== Data for processing ==
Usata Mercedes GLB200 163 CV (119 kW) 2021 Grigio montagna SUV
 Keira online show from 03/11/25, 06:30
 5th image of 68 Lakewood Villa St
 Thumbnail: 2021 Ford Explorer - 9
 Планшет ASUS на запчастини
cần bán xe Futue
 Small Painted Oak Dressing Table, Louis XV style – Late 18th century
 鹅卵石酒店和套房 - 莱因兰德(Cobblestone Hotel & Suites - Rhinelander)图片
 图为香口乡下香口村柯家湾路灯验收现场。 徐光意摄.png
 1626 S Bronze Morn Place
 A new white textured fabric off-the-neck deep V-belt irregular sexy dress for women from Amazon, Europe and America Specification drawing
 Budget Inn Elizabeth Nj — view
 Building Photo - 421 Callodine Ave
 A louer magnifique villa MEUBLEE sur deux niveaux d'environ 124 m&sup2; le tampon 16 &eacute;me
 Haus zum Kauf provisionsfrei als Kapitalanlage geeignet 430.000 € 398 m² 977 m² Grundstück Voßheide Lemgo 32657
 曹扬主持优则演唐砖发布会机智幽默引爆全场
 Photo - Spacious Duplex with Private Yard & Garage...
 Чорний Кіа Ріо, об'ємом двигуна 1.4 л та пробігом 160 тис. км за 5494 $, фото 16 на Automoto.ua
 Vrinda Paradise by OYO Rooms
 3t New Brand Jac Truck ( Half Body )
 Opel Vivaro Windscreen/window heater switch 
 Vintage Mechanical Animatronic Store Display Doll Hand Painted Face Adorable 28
===
■ **Task description**
From the line containing "A louer magnifique" down to the last line of the data, transcribe every line exactly; nothing else should appear.

■ **Answer for this exercise**
 A louer magnifique villa MEUBLEE sur deux niveaux d'environ 124 m&sup2; le tampon 16 &eacute;me
 Haus zum Kauf provisionsfrei als Kapitalanlage geeignet 430.000 € 398 m² 977 m² Grundstück Voßheide Lemgo 32657
 曹扬主持优则演唐砖发布会机智幽默引爆全场
 Photo - Spacious Duplex with Private Yard & Garage...
 Чорний Кіа Ріо, об'ємом двигуна 1.4 л та пробігом 160 тис. км за 5494 $, фото 16 на Automoto.ua
 Vrinda Paradise by OYO Rooms
 3t New Brand Jac Truck ( Half Body )
 Opel Vivaro Windscreen/window heater switch 
 Vintage Mechanical Animatronic Store Display Doll Hand Painted Face Adorable 28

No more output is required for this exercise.